ZIM is making efforts toward achieving its low-carbon transition and has strongly committed to expanding the proportion of LNG vessels in its fleet. However, LNG vessels are not considered low-carbon vehicles unless biogas is used. The company does not have a net-zero target and its 2050 target does not match the ambition of its 1.5°C pathway.
Just transition assessment
Social dialogue and stakeholder engagement
No evidence was found of the company’s commitment to social dialogue or of the categories of stakeholders the company engages with on a just transition. Furthermore, no evidence was found to demonstrate the company’s ongoing social dialogue and meaningful engagement with affected stakeholders.
No evidence was found of the company undertaking low-carbon transition planning to mitigate the social impacts of the transition on workers, affected stakeholders and its business relationships. Additionally, no evidence was found to demonstrate the company’s engagement in social dialogue or engagement with stakeholders in its just transition planning.
No public commitment by the company was found stating its intention to create and support access to green and decent jobs as part of the low-carbon transition. Moreover, no evidence was found of the company’s action to promote these jobs in a way that ensures gender balance and inclusion of vulnerable groups. Additionally, no relevant disclosure was found of the company’s assessment of employment dislocation risks.
The company discloses the measures it takes to embed equality of opportunity for women and vulnerable groups in training opportunities. For instance, it partners with an information technology (IT) company to offer training and employment opportunities in software engineering for ultra-Orthodox women in Israel. However, no evidence was found of the company having a process for identifying skills gaps for workers and stakeholders affected by the low-carbon transition or a public commitment to help workers displaced by the transition to reskill or upskill
No relevant disclosure was found to show if the company identifies impacts of the low-carbon transition on social protection for workers and affected stakeholders, nor how it contributes to social protection.
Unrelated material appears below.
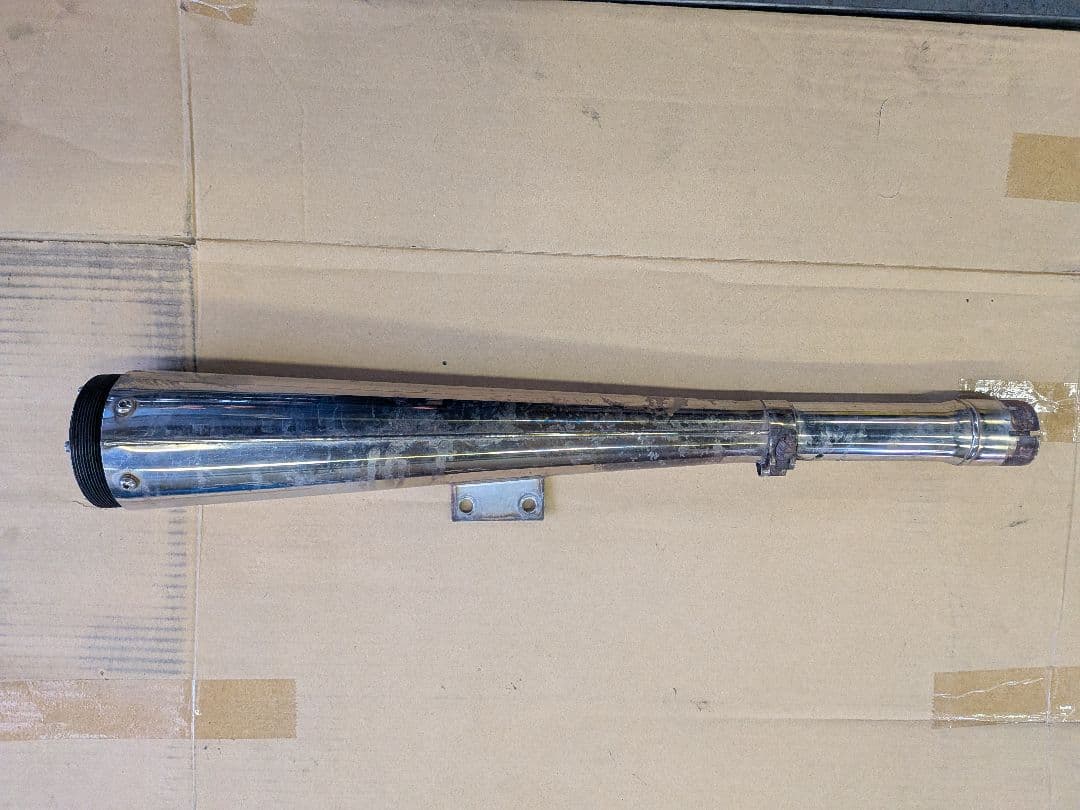 sr400 から取外し　スーパートラップ　マフラー　スリップオン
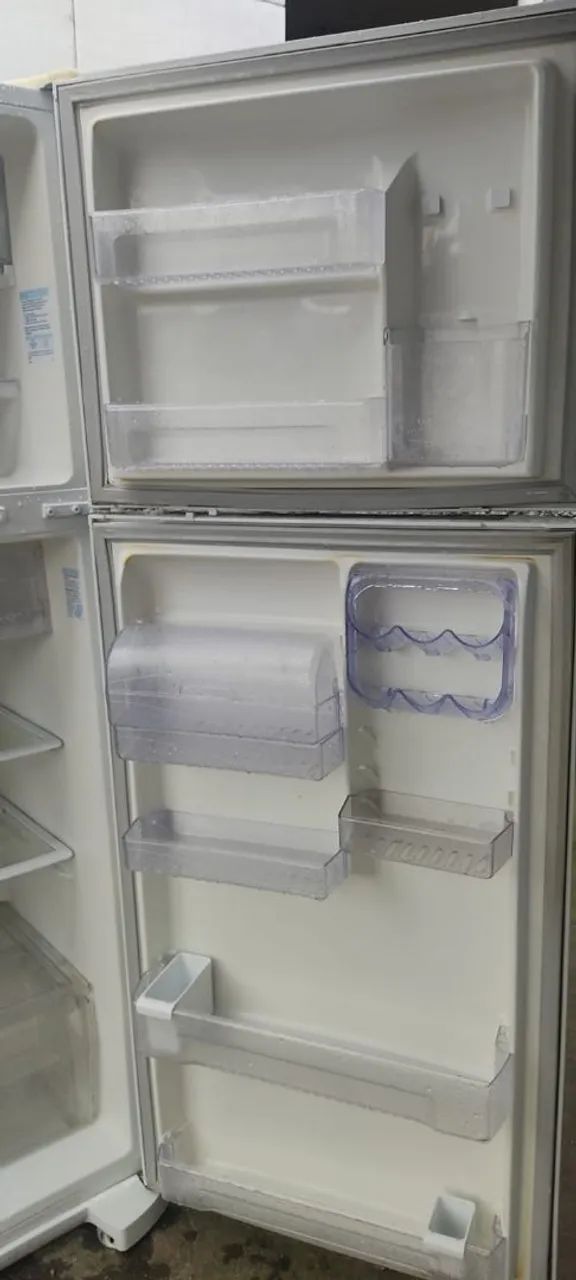 Geladeira Eletrolux Frost Free  - Foto 5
Additionally, no evidence was found that the company expects its business relationships to contribute to the social protection of their workers and affected stakeholders.
No relevant disclosure was found to show how the company identifies any misalignment of its lobbying activities with policies and regulations that support the just transition, nor of the measures it takes to address misalignment. Furthermore, no evidence was found that the company lobbies for policies and regulations for green and decent job creation; retention, education and reskilling; and social protection for workers.
No evidence in policy documents was found of a company commitment to respect human rights or all of the ILO fundamental rights at work. Furthermore, the company can strengthen its disclosure on its human rights due diligence process and engagement with affected stakeholders. The company does, however, have a grievance mechanism available to workers and external stakeholders.
The company discloses the proportion of its direct workforce covered by collective bargaining agreements and some indicators of workforce diversity, including the age and gender of its workforce by employee category. However, the company can increase disclosure on these subjects, as well as on its living wage and working hours practices. Furthermore, the company can strengthen its commitments to respecting worker health and safety and gender equality.
The company commits to protecting personal data. However, no evidence was found of a privacy statement regarding the collection, sharing and access to personal data of employees and customers. While the company has a policy prohibiting bribery and corruption, no evidence was found of the inclusion of anti-bribery and anti-corruption clauses in its contracts with business relationships. Furthermore, no evidence in policy documents was found regarding its global tax strategy and its lobbying and political engagement policy.